But I digress. (Since this is one of my favorite topics to blather on about.) Getting to the point of this piece: Days Are Gone by Haim, a debut that is about as heralded and hyped as a band could wish for. It doesn’t hurt a bit that they’ve done everything right in getting here. All bands — female, male, mixed, whatever — could learn a few things by tracing the trajectory of Haim, but the truth is, there’s more to it than hard work (years of touring) and talent (delivering the goods with musicianship and songwriting.) There’s smart stuff you can do: releasing EPs on a regular basis, giving away downloads, taking your sweet time to make the right record with the right producers after getting signed. Then there’s the part you have no say in — that would be the luck and timing part. When all the factors come together, our jackpot-hitting band, already used to hard work, just needs to enjoy the ride and somehow survive it all without folding in on itself.

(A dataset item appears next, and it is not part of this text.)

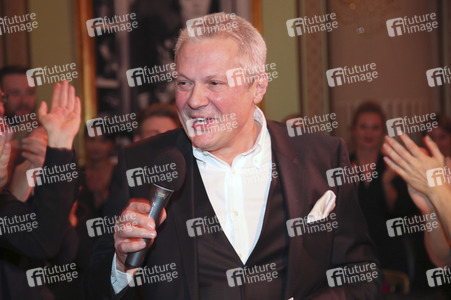 Premierenparty 'Heilig Abend' in Wien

I hope Haim figures that shit out, because they’ve made a great record. There are tracks (“Forever,” “Don’t Save Me,” “The Wire”) that will have no problem slipping their way into formatted radio right next to the unapproachable massive hit-ness of Bruno, Katy, Pitbull, JT and Pink. And there are songs that give the promise of so much more to come from Haim. A fave is “My Song” — traces of Beck, with a deconstructed wacky playfulness — I WANT this from young people, not all serious and shit. I also love “Let Me Go,” which begins quiet and taut, slowly building to an insistent pulse and faraway drums kicking in on the second chorus. It bridges the emotional gap between desperation and hope, then combines a great simple, trashy riff with some truly tasty little guitar licks. It’s a real treat, as are “Go Slow,” and “Running If You Call My Name” — both songs could have been sung by Annie Lennox from Eurythmics.
The songs on Days Are Gone are undoubtedly Haim’s songs, a synthesis of influences sifted and filtered through the three sisters, Danielle, Alana and Este. I’m going out on a limb here and guessing these girls would have been bigtime into the radio in the late ’90s — an era of great r&b and hip-hop coming from the ladies contingent like TLC, Destiny’s Child and Lauryn Hill. Most musicians infuse the music they create with the sounds that spoke to them in those impressionable years, and this is the thread that carries through most of Days Are Gone. This is as pop as pop gets — but it’s sophisticated, musically adept, modern and original pop.
If the record itself weren’t impressive enough, consider the fact that the three Haim sisters share producer credits for every track, and are multi-instrumentalists, with Danielle handling rhythm and lead guitar, vocals and drums. Este’s main instrument is bass, Alana plays keys, synth and guitar. Both add percussion to the record and their vocal overlays blend in that perfect way that only siblings seem to get, giving the songs a lush, polished sheen. These young women know exactly how they want to sound and are in control of the results.
I love that Haim sometimes answers frequent comparisons to Fleetwood Mac by whipping out a cover of the Mac’s Peter Green-era “Oh Well” in their live show. It seriously rocks, and knowing they can do that kind of makes me wish that Days Are Gone had something to show that fierce and badass side of the band. Who knows, maybe it’s part of the master plan to keep some cards up their sleeve and surprise people, or maybe they wanted Days Are Gone to have a really cohesive feel and not try to hit all the bases from the get-go. Lyrically, there is room for improvement — none of the words are embarrassing or stupid, but they mine the theme of romantic dissatisfaction a little too often.
These are tiny gripes that don’t diminish my excitement one little bit about this band. I suspect, if they don’t flip out and self destruct — hey, it happens — or check out of that rare-bird hotel of chick-rockers and let love lead them astray into marriage and motherhood too soon — hey, it happens — well, these women could be around for a while. This makes me really happy, because they are gals, they are organic, and THEY CAN PLAY. It’s GBG heaven. Thanks, Haim, I’ve been waiting for you.